ACTION ITEM:
Give again, exactly as written, the lines of the records below from the line with "Cozy lounge with" to the line with "blue lights on". Both end lines count; pictures do not.

MATERIAL PROVIDED:
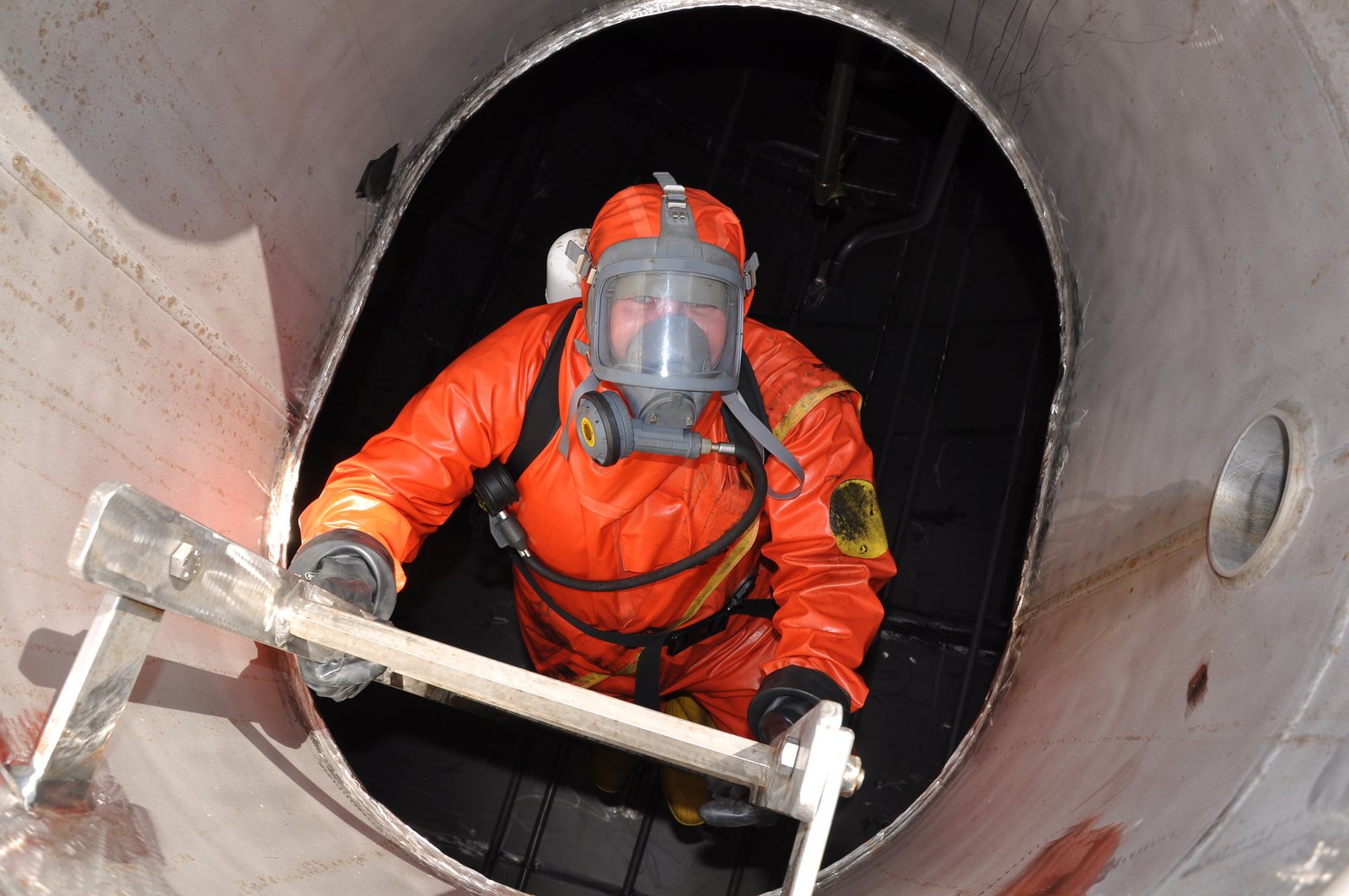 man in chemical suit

---

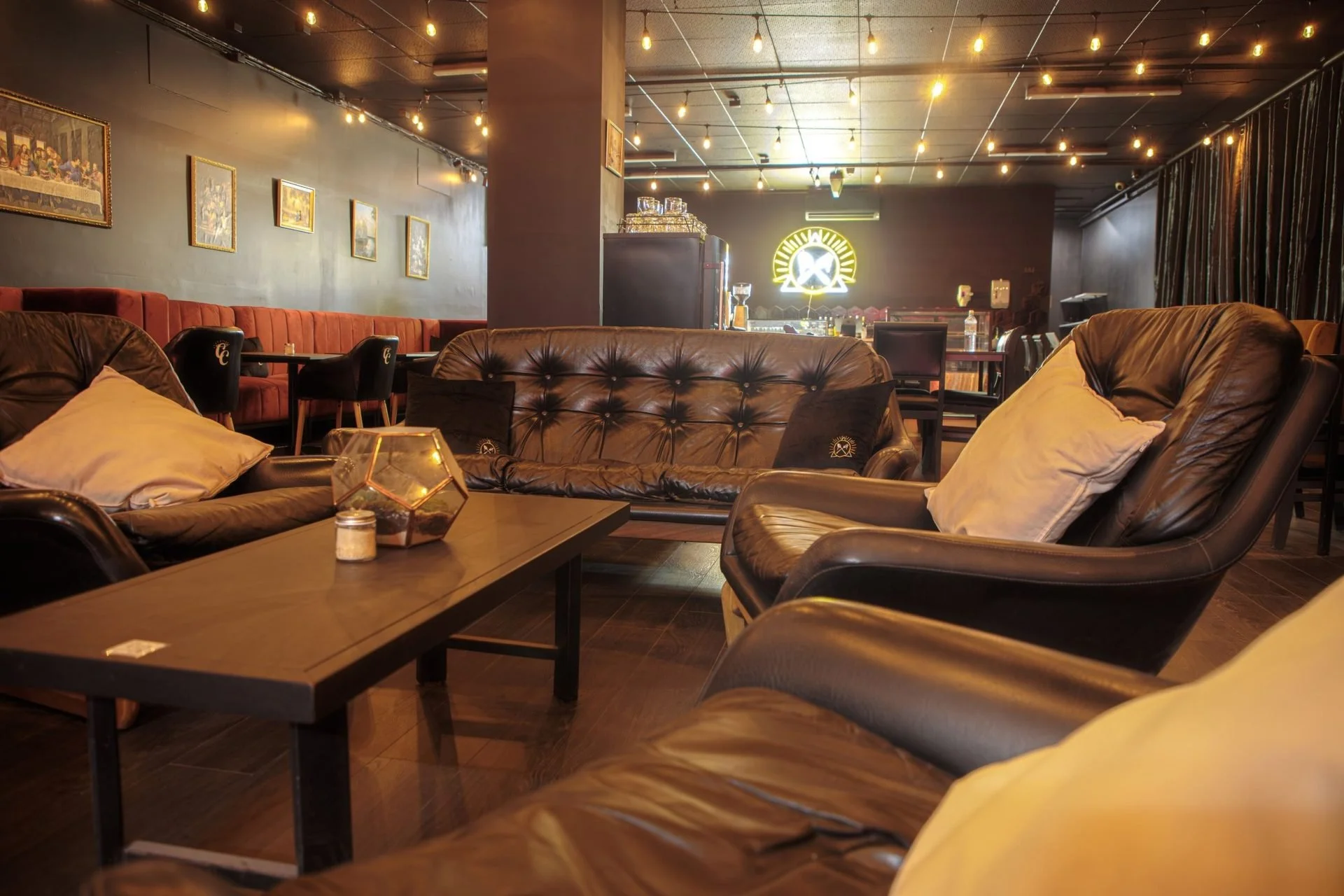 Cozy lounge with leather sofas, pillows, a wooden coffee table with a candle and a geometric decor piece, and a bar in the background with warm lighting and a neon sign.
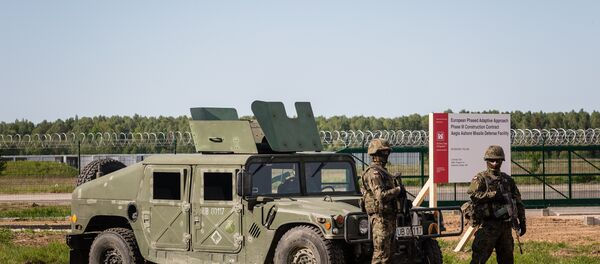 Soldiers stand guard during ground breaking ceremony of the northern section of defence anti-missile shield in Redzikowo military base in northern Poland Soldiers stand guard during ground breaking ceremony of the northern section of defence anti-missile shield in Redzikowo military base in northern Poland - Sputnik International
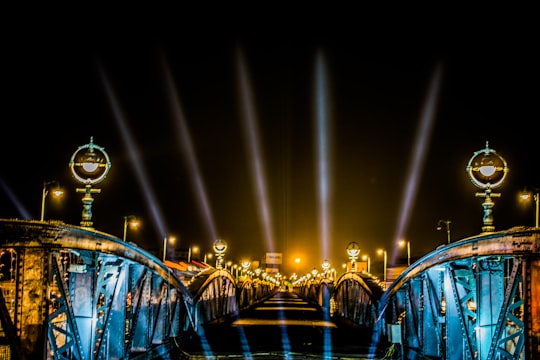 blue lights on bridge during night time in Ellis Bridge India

SOLUTION TO THIS EXERCISE:
 Cozy lounge with leather sofas, pillows, a wooden coffee table with a candle and a geometric decor piece, and a bar in the background with warm lighting and a neon sign.
 Soldiers stand guard during ground breaking ceremony of the northern section of defence anti-missile shield in Redzikowo military base in northern Poland Soldiers stand guard during ground breaking ceremony of the northern section of defence anti-missile shield in Redzikowo military base in northern Poland - Sputnik International
 blue lights on bridge during night time in Ellis Bridge India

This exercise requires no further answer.